God’s overarching plan is to bring blessing to all the nations through the descendants of Abraham. If ever the Hebrew women ceased to bear children, the promise would have failed: the whole world would be lost. Pregnancy and childbirth are the means by which God’s promise makes its way through the crooked course of history. Every newborn child is a reminder of the promise. Every male child was physically marked by circumcision: a potent reminder that their bodies were not merely their own but had been scripted into a bigger story.

Against this backdrop it should come as no surprise to find Israel’s Messiah entering the world by means of a miraculous pregnancy. In the Gospel of Luke, the first character we meet is another faithful Jewish woman who can’t conceive: Elizabeth. Like Samson’s mother, Elizabeth was promised that she will bear a child (Luke 1:5-25).

After Elizabeth has become pregnant, we meet her cousin Mary. An angel tells Mary that she too will miraculously conceive and that her child will be the fulfillment of all God’s promises to Israel. Mary responds with simple trust and gladness. The joy of her Magnificat (Luke 1:46-55) is the same joy that made Sarah laugh when she gave birth to Isaac. It is the same joy that wiped away Hannah’s tears when she gave birth to Samuel. Israel’s joy, the joy of God’s promise, the joy of salvation—is all summed up in that startling experience of the birth of a miraculous child.

The confession that Jesus Christ was born of a virgin isn’t just a bit of theological eccentricity. It’s not a random miracle story. It’s a reminder that our faith has deep roots in Israel’s story and Israel’s Scriptures. The coming of the Savior wasn’t just a new thing. It was the culmination of the whole great story of God’s loving faithfulness to the people of Israel. When we confess that Jesus is “born of the Virgin Mary,” we see him silhouetted against the backdrop of God’s promise to Abraham, the exodus from Egypt, the rule of the judges, the coming of the prophets, and the promised deliverance form exile.

The meaning of history is not power and empire, but promise and trust. The secret of history is revealed when a woman, insignificant to the eyes of the world, responds in joy to God’s promise and bears that promise into the world in her own body.

The biblical evidence for Jesus’ deity is abundant. That many Jews in the first century began to worship him as God ought to give us even more indication that the evidence of his divinity was felt to be quite strong, even overwhelming. But that has not stopped challenges throughout the centuries.

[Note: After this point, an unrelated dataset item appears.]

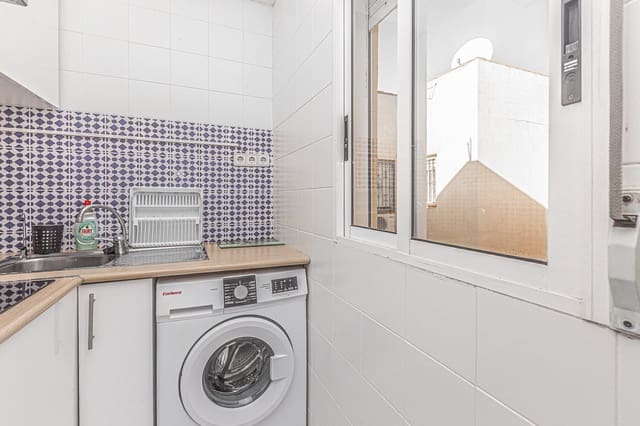 Ático de 2 habitaciones en El Chaparral - La Siesta - La Torreta, Torrevieja en venta con piscina - 129.000 € (Ref: 10175780)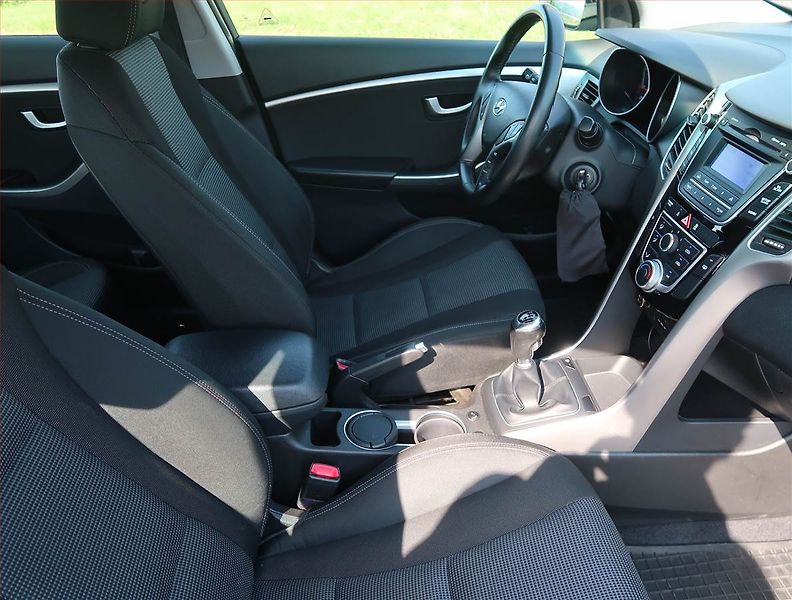 Hyundai i30 (2016) 1.6 MPI, Navi, Tempomat - fotka 9 z 16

We will stand on this confession because we know that it is integral to Christ’s gospel. To deny that Jesus was either fully God or fully man is to deny the salvation that Jesus the God-Man has purchased. [Quoted from Ben Myers’ book, “The Apostle’s Creed: A Guide to the Ancient Catechism, pp 50-54.]

The Incarnation, the Virgin Birth, and Peter’s hell-conquering confession that Jesus is “the Christ, the Son of the living God” (Matt 16:16) are all crucial to the good news of forgiveness of sins and the gift of eternal life.

The Apostle’s Creed offers some general guidelines for the faithful reading of the Gospels without including all the details of the Gospels. The Creed is only meant to remind us of the larger narrative and to focus our attention on Jesus’ identity as divine and human, the Son of God and Mary’s son, fulfilling Messianic prophecy.